笔者大致将情景定在部民张矩被行刑前日,一女子拦路乞告知州田锡。
“田大人,我丈夫是冤枉的啊!求大人做主,还以公道,救我夫君!”眼前一个异族女子,头戴白色盖头,身披红绿黄三彩薄纱巾,拦在田锡面前,一边用手比划,一边哭诉道。

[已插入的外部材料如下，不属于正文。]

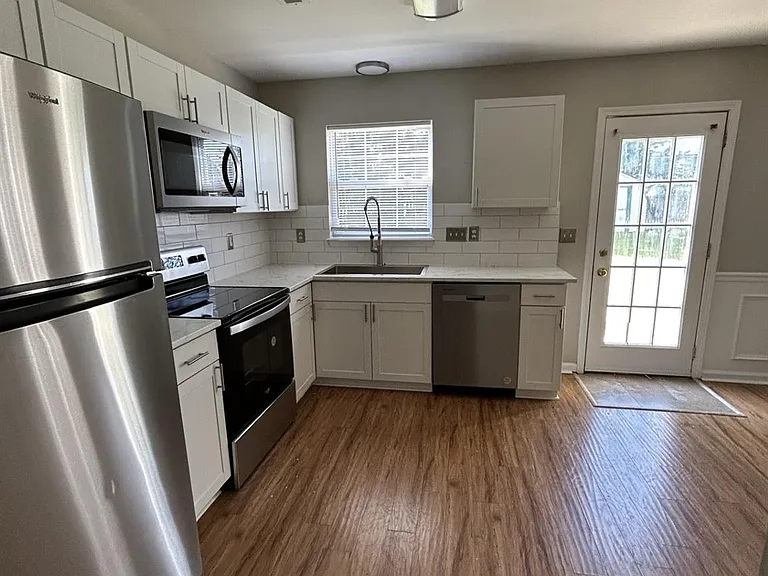 4277 Maybrook Ct SW — Photo 4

原来这女人是回族部民,本不通汉语,只因长久居住陈州,与汉人沟通,逐渐熟悉汉语,不过并不精通,只能约莫表达,有些地方,还需手势辅助,才能将意思说清。田锡好大功夫终于明白:原来这女子的丈夫名叫张矩,犯了杀人罪,目前被羁押牢狱,明日就要行刑,而她自与丈夫生活日久,了解丈夫脾性,其胆小且卑微,即便被触怒,也唯有忍气吞声,并且她丈夫与汉人极少交往,仅有雇赁关系,怎会贸然去杀人呢?
于是,作为陈州知县等地方官员的总监督员,田锡立刻去府衙找到负责诉讼的陈州通判郭谓处询问张矩案情。郭谓一看田锡过问此案,心中不免一惊,不过也没办法,只得将案卷交于田锡,并将事情来龙去脉讲解给他听。
原来,张矩在本地一家官宦后裔的王家员外家做短工,专为耕种土地。员外姓王,名裕,人如其名,家中良田百亩,房宅数十处,极为殷实富裕。正到结款时期,便去王员外家取工钱。到了员外家中,账房师爷不在房中。等了多时,忽听员外内室传来女子惊叫之声,以为事故,便忙跑入房中想要帮忙,结果却看一女子衣衫不整倒在血波中,额头被茶缸砸个窟窿,而王员外却正在慌忙掩饰。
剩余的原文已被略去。